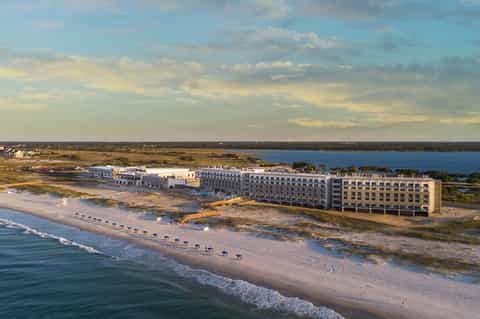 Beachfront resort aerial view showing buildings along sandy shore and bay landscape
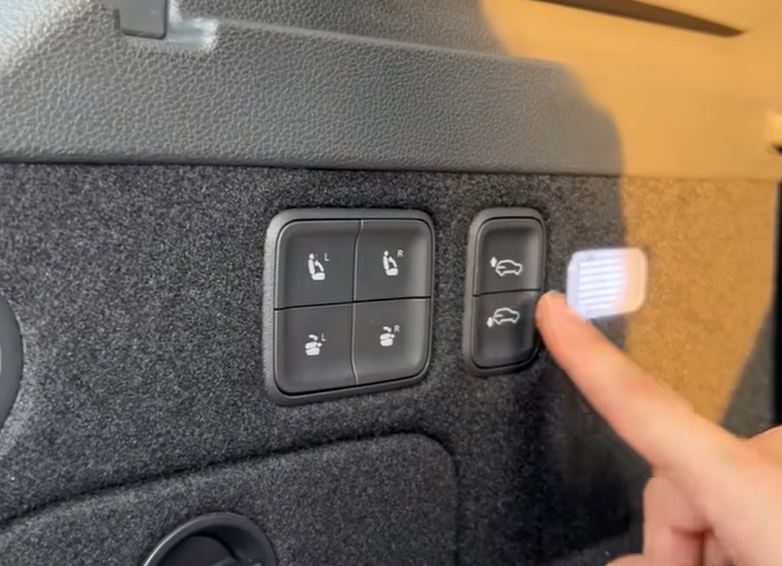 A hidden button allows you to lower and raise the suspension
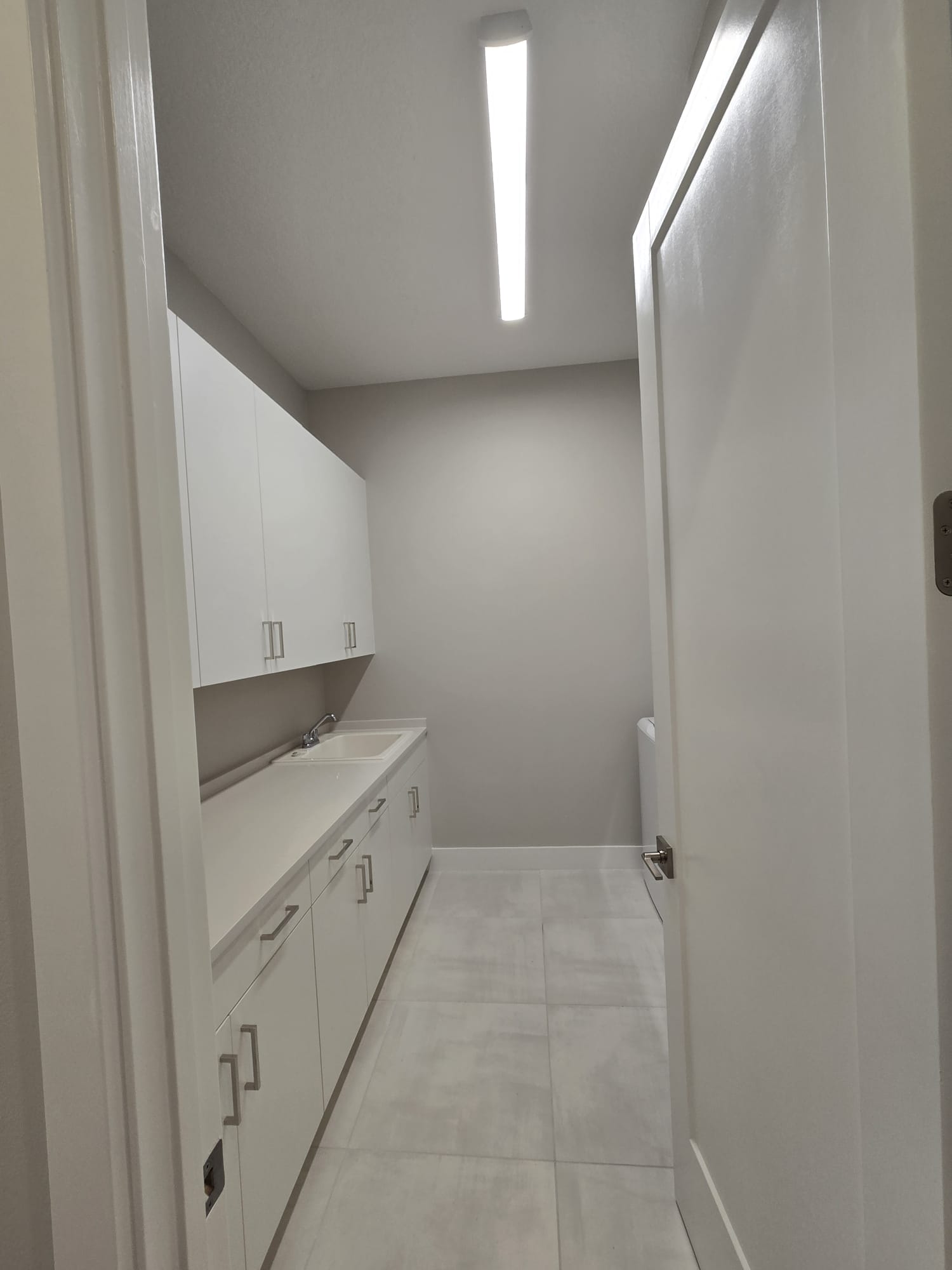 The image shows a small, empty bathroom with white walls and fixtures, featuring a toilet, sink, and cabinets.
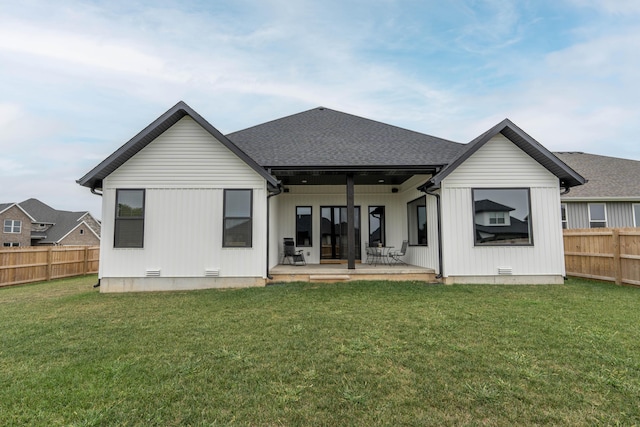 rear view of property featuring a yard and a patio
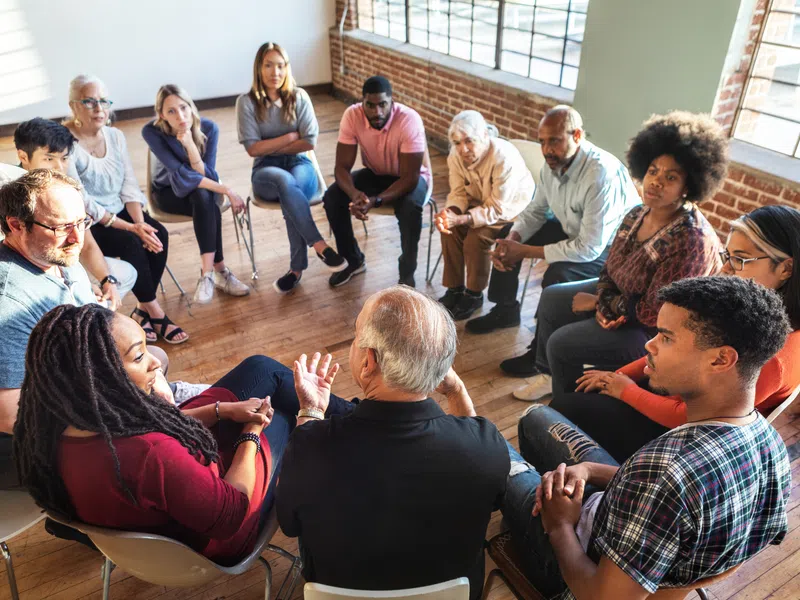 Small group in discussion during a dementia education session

══════════

> **Task statement**: Reprint the entries above exactly, images removed.

> **Exercise answer**:
 Beachfront resort aerial view showing buildings along sandy shore and bay landscape
 A hidden button allows you to lower and raise the suspension
 The image shows a small, empty bathroom with white walls and fixtures, featuring a toilet, sink, and cabinets.
 rear view of property featuring a yard and a patio
 Small group in discussion during a dementia education session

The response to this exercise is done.